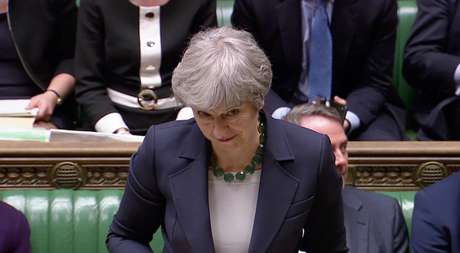 Primeira-ministra brit&acirc;nica, Theresa May
13/03/2019
Reuters TV via REUTERS?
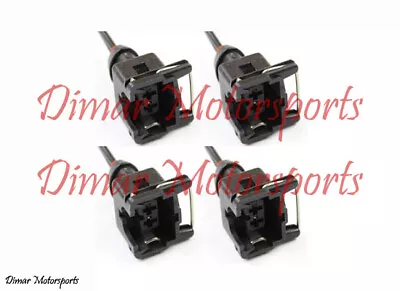 4-EV1 Fuel Injector Connectors Plugs Clips Pigtails Quick Disconnect • $14.99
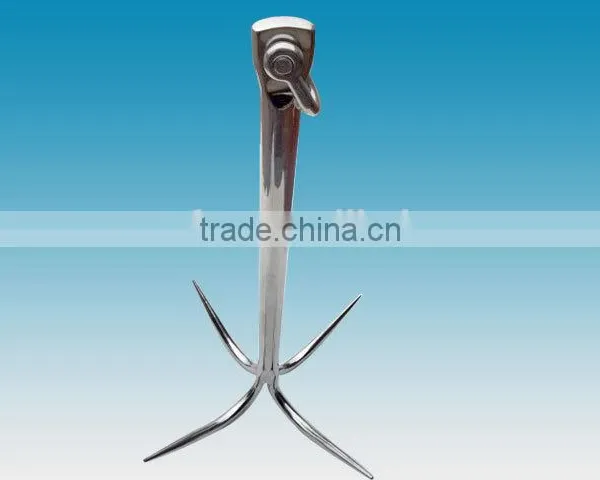 Small Grapnel Fingernails Four Claws Fishing Anchor photo-3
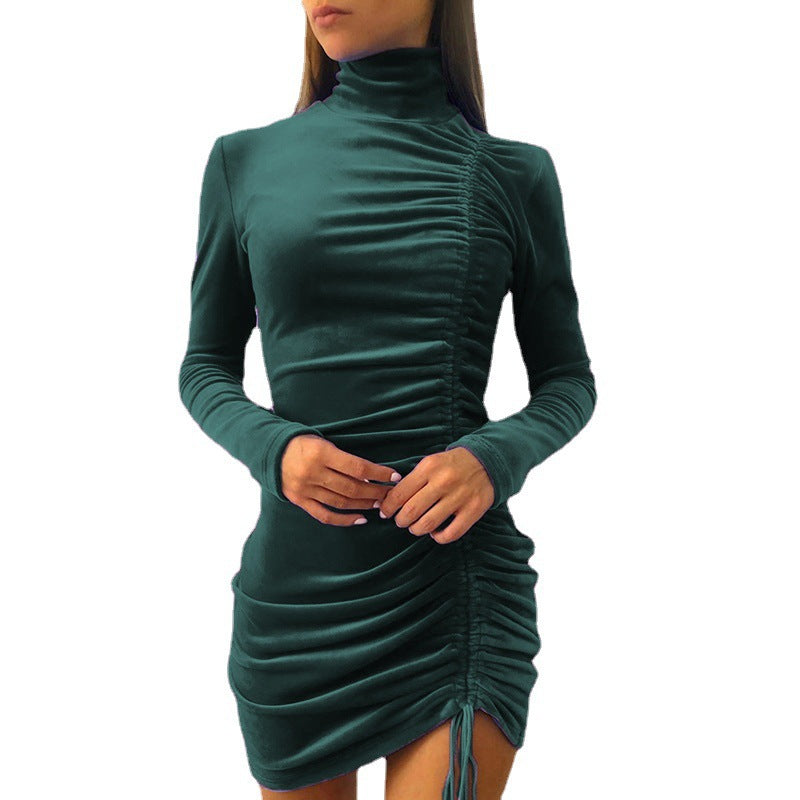 Women Fall Winter Long Sleeve Skinny Sheath Formal Dress Plus size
* * *
→ What needs to be done
Only the lines from the one containing "Small Grapnel Fingernails" through the end of the records are wanted, set down exactly and without their pictures.

→ Solution to this exercise
 Small Grapnel Fingernails Four Claws Fishing Anchor photo-3
 Women Fall Winter Long Sleeve Skinny Sheath Formal Dress Plus size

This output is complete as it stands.